#### The problem
Repeat, word for word, all the data that follows, and exclude the pictures.

#### Information shown
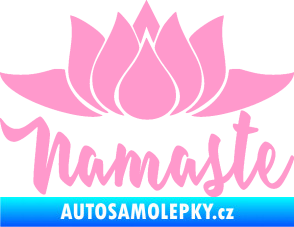 Samolepka Namaste 001 lotosový květ světle růžová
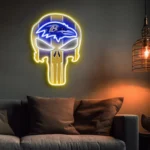 Baltimore Ravens Neon Sign The Punisher 1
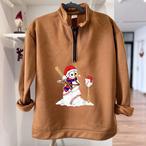 Snowman Christmas Zip Up Sweatshirts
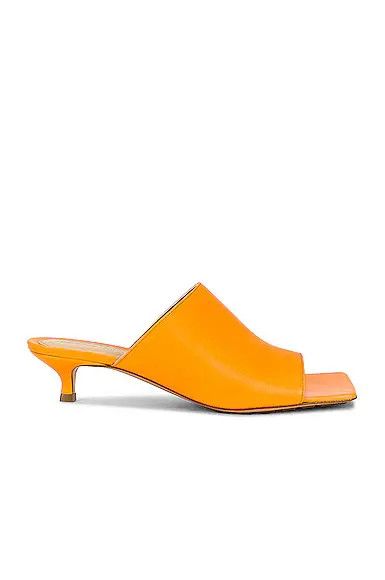 o1n1vont1224 Stretch Mules in Orange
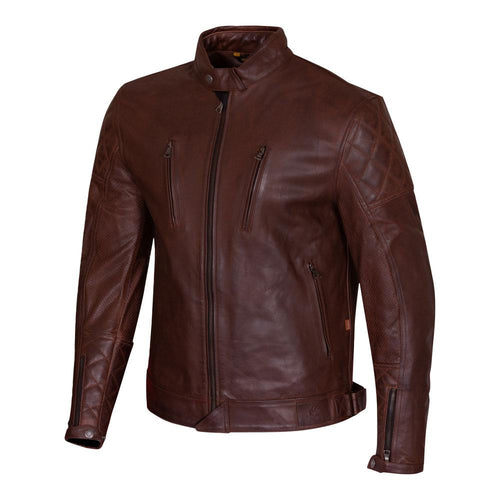 MERLIN WISHAW D3O® MOTORCYCLE JACKET BROWN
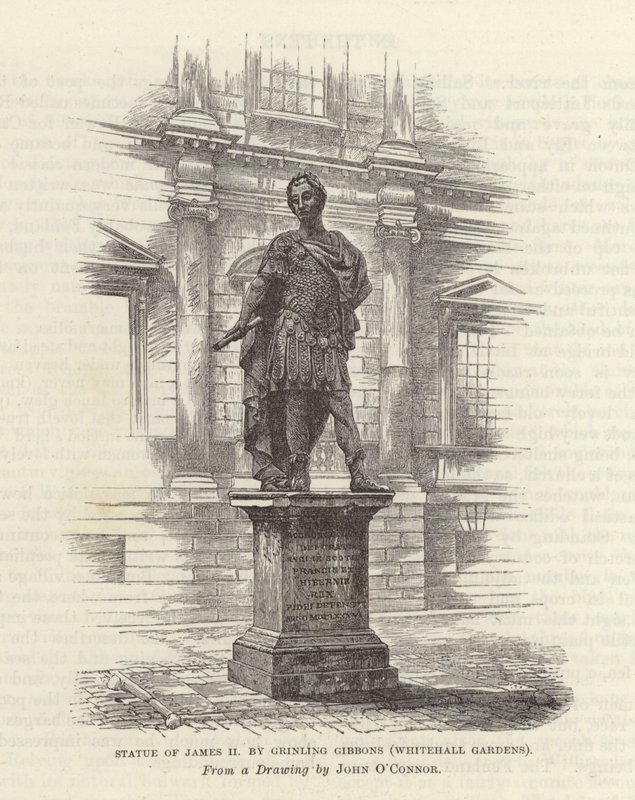 Estátua de James II por Grinling Gibbons de English School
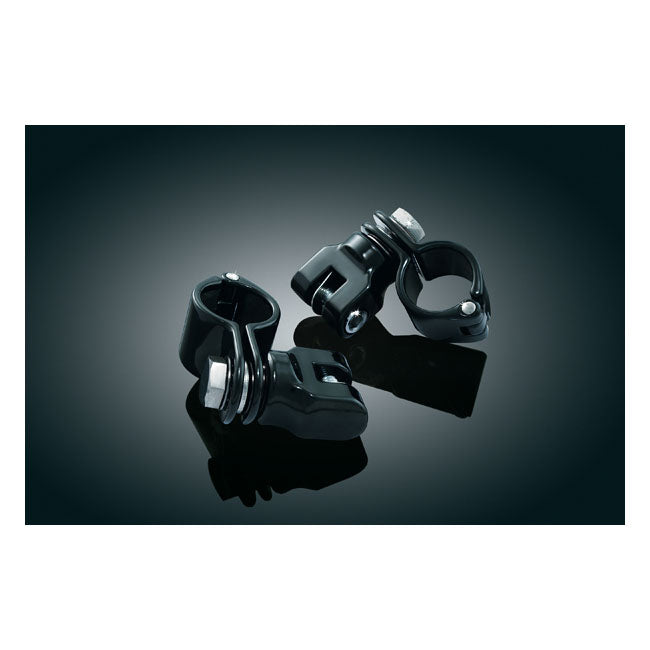 Kuryakyn, Magnum cruise peg mounts 1-1/4" (32mm). Black FOOTPEGS MOUNTS Kuryakyn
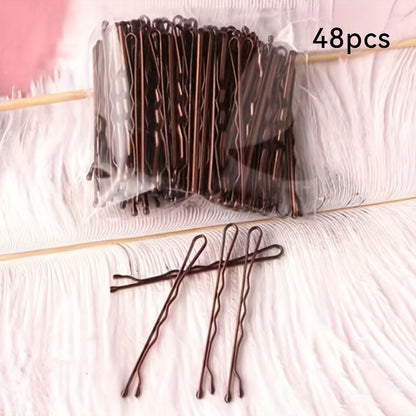 Wavy Alloy Hair Clips for Women - Elegant Styling Accessories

#### Expected answer
 Samolepka Namaste 001 lotosový květ světle růžová
 Baltimore Ravens Neon Sign The Punisher 1
 Snowman Christmas Zip Up Sweatshirts
 o1n1vont1224 Stretch Mules in Orange
 MERLIN WISHAW D3O® MOTORCYCLE JACKET BROWN
 Estátua de James II por Grinling Gibbons de English School
 Kuryakyn, Magnum cruise peg mounts 1-1/4" (32mm). Black FOOTPEGS MOUNTS Kuryakyn
 Wavy Alloy Hair Clips for Women - Elegant Styling Accessories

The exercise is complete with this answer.